Hasil survei menunjukkan masyarakat Indonesia sebenarnya masih menyukai sistem demokrasi. Menurut survei Indikator Politik Indonesia pada April 2022, 77,2% publik menyatakan percaya pada demokrasi, angka ini cukup tinggi dan bahkan meningkat dibanding periode sebelumnya. Fakta ini membuktikan bahwa rakyat tidak ingin kembali pada sistem otoriter yang menutup ruang partisipasi.

Namun, ada paradoks di balik optimisme ini. Kepercayaan terhadap demokrasi sebagai sistem ternyata tidak berbanding lurus dengan kepercayaan terhadap lembaga-lembaga demokrasi. Lembaga legislatif seperti DPR hanya mendapat tingkat kepercayaan publik sekitar 69%, dan partai politik berada di kisaran 65–66%. Angka ini jauh di bawah lembaga lain, seperti TNI yang memperoleh kepercayaan hingga 93%, atau presiden dengan angka 85%.

Kesenjangan ini memperlihatkan bahwa masyarakat masih menganggap demokrasi sebagai sebuah cita-cita yang ideal, tetapi mereka kecewa dengan implementasi demokrasi yang dijalankan oleh lembaga-lembaga politik. Ketidakpuasan ini wajar, sebab sering kali DPR lebih disorot karena kontroversi kebijakan dan fasilitas anggota parlemen yang berlebihan, ketimbang menunjukkan kinerja yang nyata membela rakyat.

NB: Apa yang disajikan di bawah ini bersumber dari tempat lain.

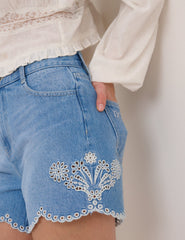Mavi Denim İşlemeli Şort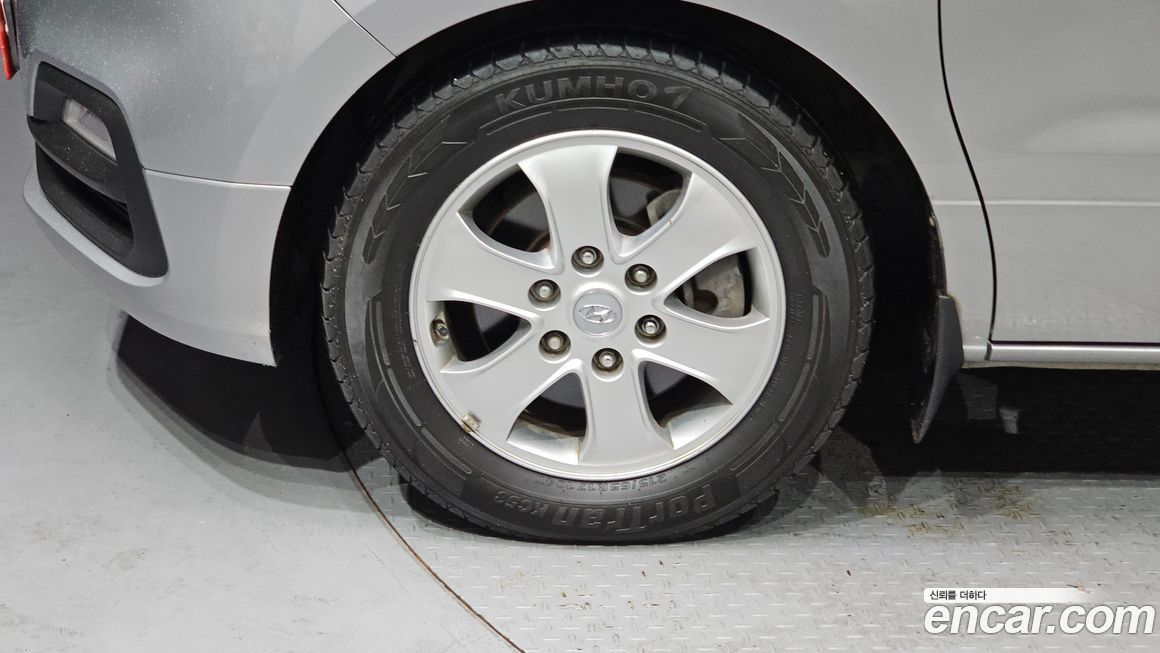 Hyundai Starex 2018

Kebebasan Berpendapat dan Pers: Indikator Demokrasi yang Mulai Rapuh

Salah satu pilar utama demokrasi adalah kebebasan berpendapat dan kebebasan pers. Namun, indikator ini justru semakin menunjukkan tanda-tanda rapuh.

Harapan sempat muncul pada 2025 ketika Mahkamah Konstitusi memutuskan bahwa pasal “menyerang kehormatan” dalam UU ITE hanya dapat digunakan oleh individu pribadi. Artinya, institusi atau korporasi tidak lagi bisa menjadikan pasal itu sebagai alat untuk mempidanakan kritik. Putusan ini disambut positif karena dianggap mampu mempersempit peluang kriminalisasi terhadap aktivis atau jurnalis.

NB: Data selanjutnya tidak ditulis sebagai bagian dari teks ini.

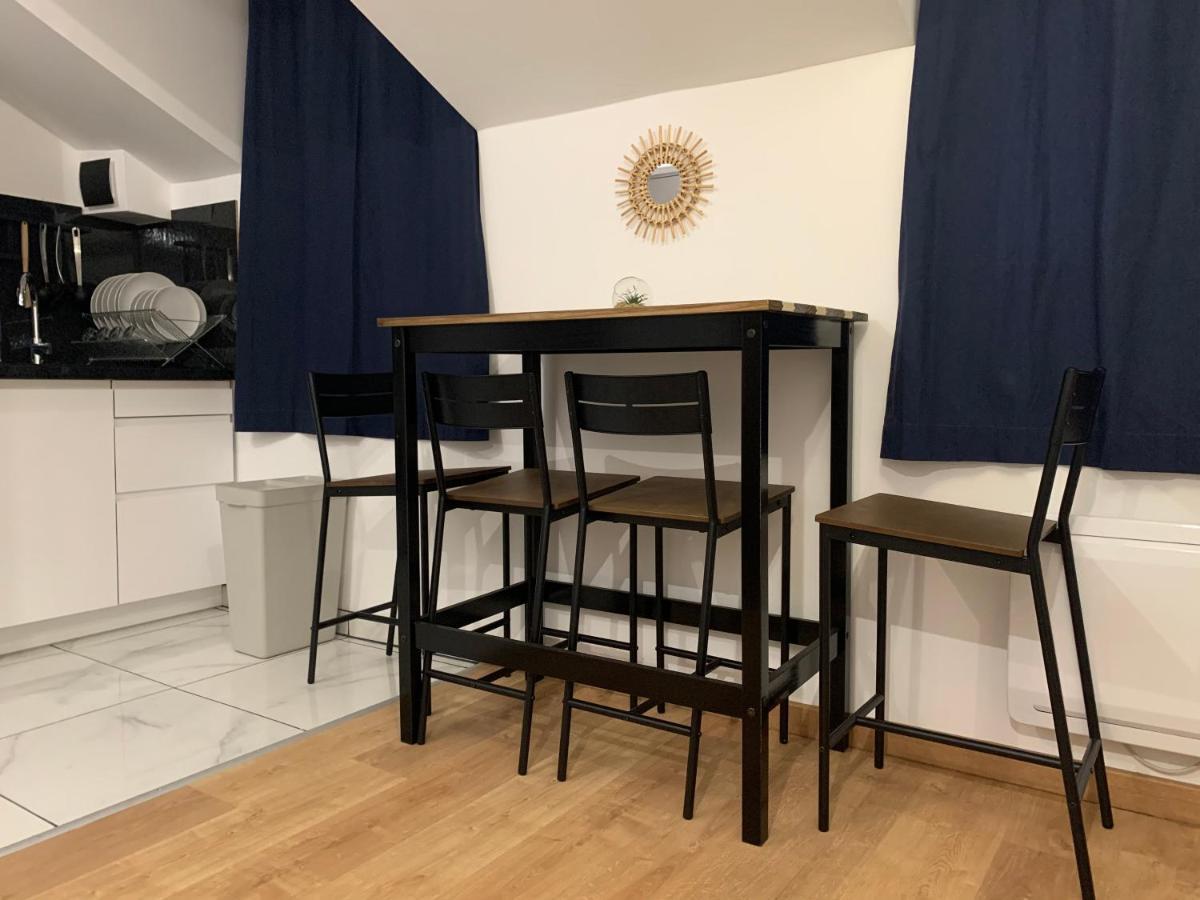 - Proche Cdg - Paris & Stade De France Apartment *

Sayangnya, di lapangan, ancaman terhadap kebebasan berpendapat tetap nyata. Aliansi Jurnalis Independen (AJI) melaporkan bahwa 75,1% jurnalis pernah mengalami kekerasan, baik fisik maupun digital. Indeks Kebebasan Pers dari Reporters Without Borders (RSF) menempatkan Indonesia pada posisi ke-111 dari 180 negara dengan skor 51,15 pada tahun 2024, sebuah peringatan bahwa pers di Indonesia masuk kategori “sulit”. Bahkan, Indeks Kemerdekaan Pers Nasional dari Dewan Pers juga menurun, hanya mencapai 69,36, yang meski tergolong “cukup bebas”, menunjukkan adanya kemunduran dibanding tahun sebelumnya.

Kondisi ini menegaskan bahwa meski ada upaya hukum untuk memperkuat perlindungan terhadap kebebasan berpendapat, secara praktik demokrasi kita masih belum ramah terhadap kritik dan suara-suara yang berbeda.

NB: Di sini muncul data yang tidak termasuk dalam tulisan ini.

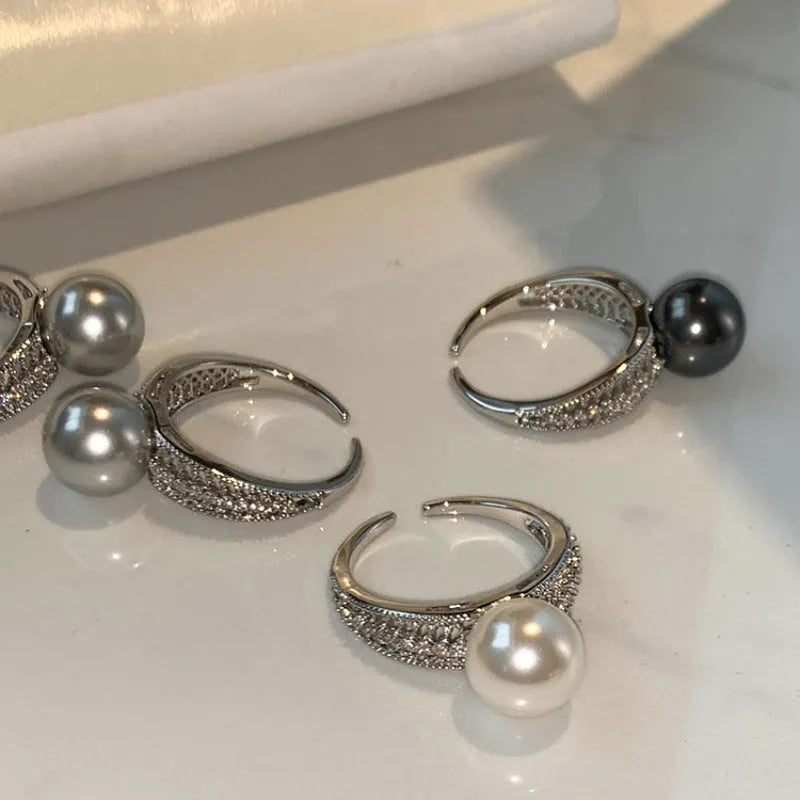 Black pearl adjustable open finger ring with geometric copper design for women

Kekerasan atas Aspirasi dan Regulasi yang Membatasi

Demokrasi juga diuji ketika rakyat menyampaikan ketidakpuasan mereka lewat aksi unjuk rasa. Seharusnya, protes dilihat sebagai bagian sah dari kehidupan demokrasi. Namun kenyataannya, protes rakyat masih sering dihadapi dengan tindakan represif.

Amnesty International mencatat pada tahun 2024 saja ada setidaknya 344 orang ditangkap saat berunjuk rasa, 152 orang luka-luka, dan 17 orang terkena dampak gas air mata. Angka ini bukan sekadar statistik, tetapi potret nyata bagaimana kebebasan berkumpul sering kali terbentur oleh respons aparat.

UU ITE, meski sudah direvisi, tetap menyimpan celah besar. Pasal-pasal multitafsir masih bisa digunakan oleh pihak berkuasa untuk membungkam kritik. Inilah yang membuat banyak aktivis menilai bahwa demokrasi kita masih bertumpu pada kerangka hukum yang tidak sepenuhnya melindungi rakyat. Regulasi yang seharusnya menjadi pagar demokrasi justru sering terasa sebagai jerat yang membatasi kebebasan.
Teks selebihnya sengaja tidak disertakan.